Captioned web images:
┄┄┄┄┄┄

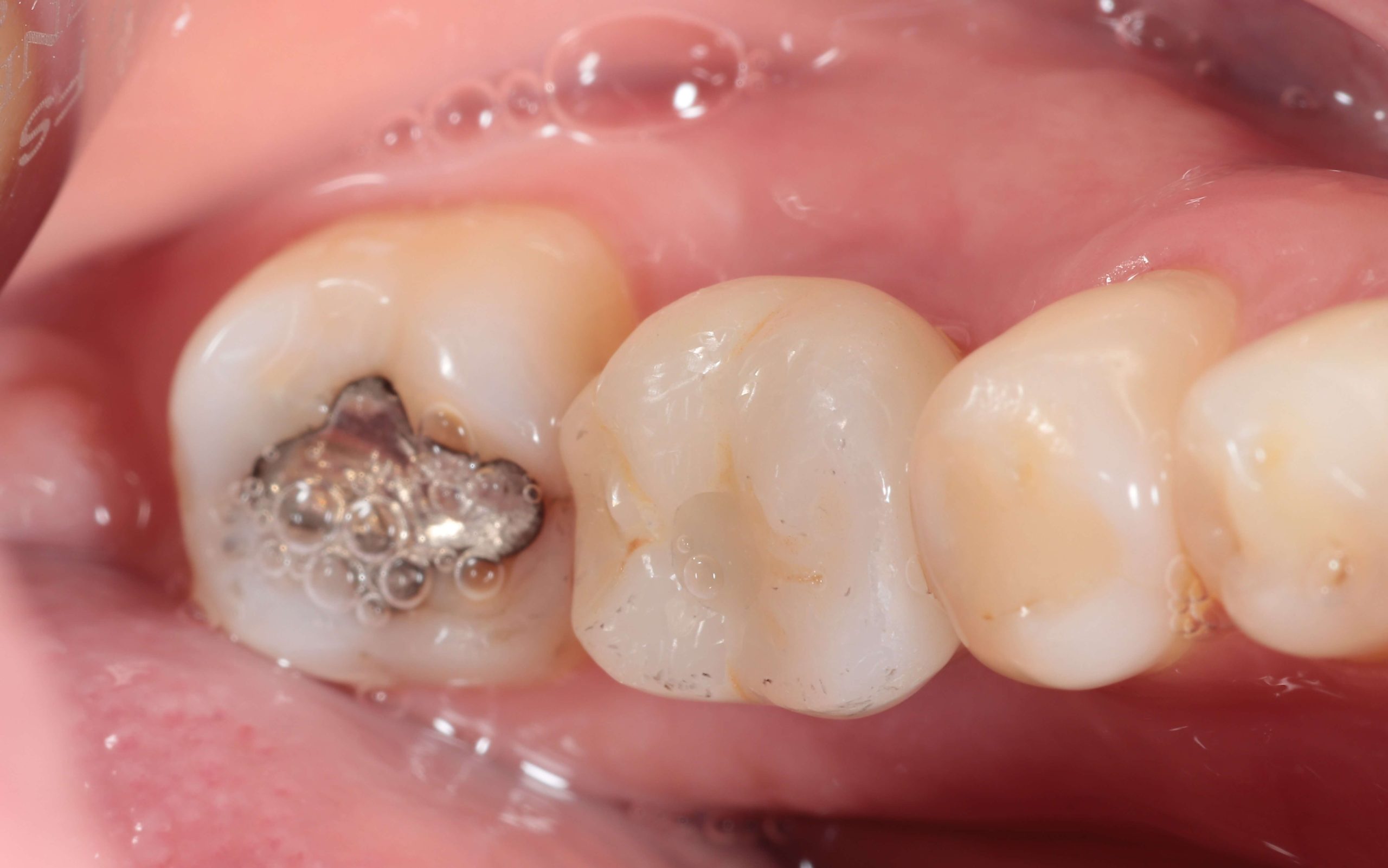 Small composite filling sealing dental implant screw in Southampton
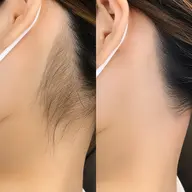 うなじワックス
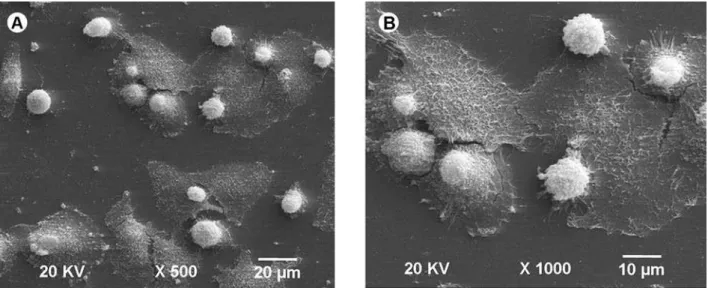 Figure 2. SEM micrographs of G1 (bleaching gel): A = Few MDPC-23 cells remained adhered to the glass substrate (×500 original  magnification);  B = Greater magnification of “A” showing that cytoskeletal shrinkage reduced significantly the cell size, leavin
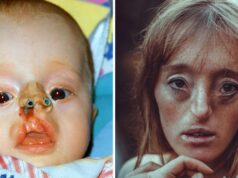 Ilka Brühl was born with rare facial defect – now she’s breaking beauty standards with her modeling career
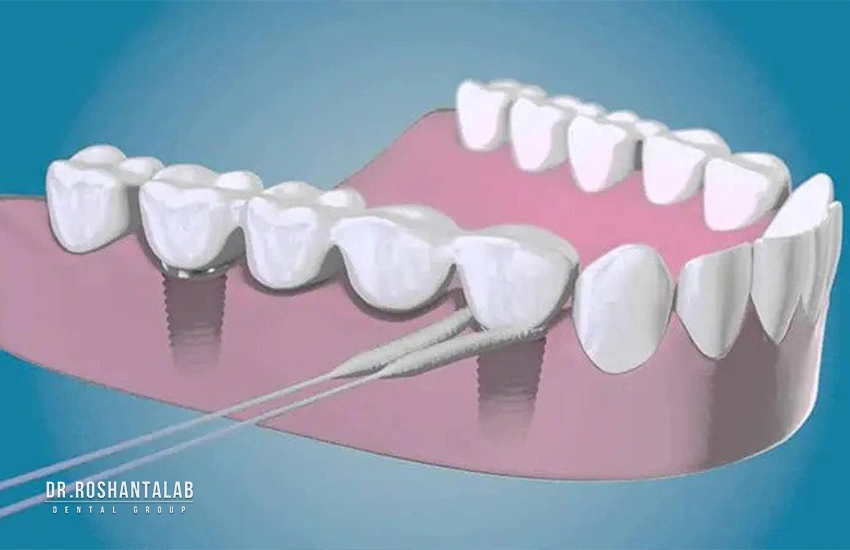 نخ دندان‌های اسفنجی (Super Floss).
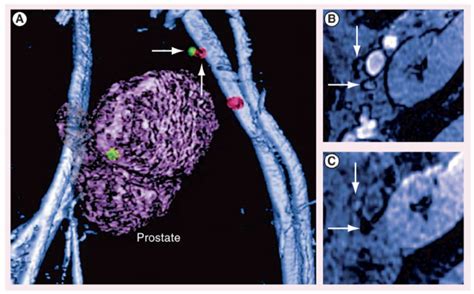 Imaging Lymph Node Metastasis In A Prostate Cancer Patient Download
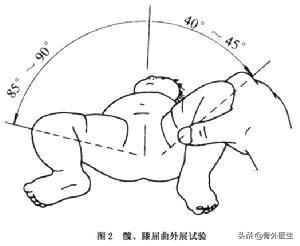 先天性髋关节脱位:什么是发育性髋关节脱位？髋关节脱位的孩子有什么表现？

┄┄┄┄┄┄

INSTRUCTIONS FOR THE TASK: The records above are to be reproduced exactly; the pictures are to be left out.

RESPONSE FOR THIS EXERCISE:
 Small composite filling sealing dental implant screw in Southampton
 うなじワックス
 Figure 2. SEM micrographs of G1 (bleaching gel): A = Few MDPC-23 cells remained adhered to the glass substrate (×500 original  magnification);  B = Greater magnification of “A” showing that cytoskeletal shrinkage reduced significantly the cell size, leavin
 Ilka Brühl was born with rare facial defect – now she’s breaking beauty standards with her modeling career
 نخ دندان‌های اسفنجی (Super Floss).
 Imaging Lymph Node Metastasis In A Prostate Cancer Patient Download
 先天性髋关节脱位:什么是发育性髋关节脱位？髋关节脱位的孩子有什么表现？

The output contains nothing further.